There are surveys that say only 5% of hospitals are even beginning to use barcodes. "I think from what we've seen in the industry, that's starting to change rapidly," claims Sandra Trakowski, vice president and chief nursing officer of Care Fusion, McLean, Virginia. "As more products are introduced to the market, the capabilities are being proven. It's taking time but happening at a faster pace." Two areas have the highest acceptance of barcoding: pharmacy inventory management and patient tracking. Let's start at the pharmacy.
Donna Lee, market intelligence specialist, Handheld Products, Skaneateles Falls, New York, comments, "Pharmacies utilize the barcodes that come on the pharmaceuticals in unit-of-dose packaging. They're also taking the bulk meds that come in, breaking them down, putting them in unit-of-dose and then applying a barcode to them. A very efficient pharmacy would have barcoding on everything I've visited several that operate like that."

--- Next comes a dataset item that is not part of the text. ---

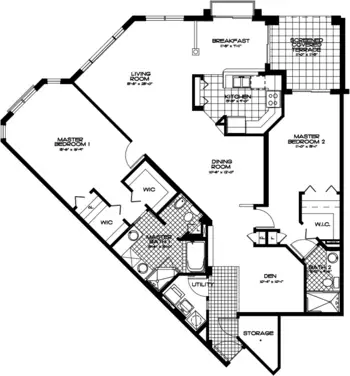 Floorplan of Devonshire, Assisted Living, Nursing Home, Independent Living, CCRC, Palm Beach Gardens, FL 6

Trakowski adds, "We are also seeing it in laboratories, for specimen collection and positive patient identification. We've just introduced a product in the last six months that has to do with blood care and administration. We're seeing more of that because of patient safety perspective in that arena."
An extension of this is using barcodes with automated equipment such as infusion pumps. At George Washington University Hospital in Washington, DC, Barbara Jacobs, director of critical care, explains their system. "A physician puts an order in the computer, and we send it directly to the pharmacy. The pharmacy produces a label and mixes the bag and sends it up to us. There are some exceptions on true emergency cardiac arrest type drugs when we don't have time to go the pharmacy and back but for the standard drug, we're able to do that.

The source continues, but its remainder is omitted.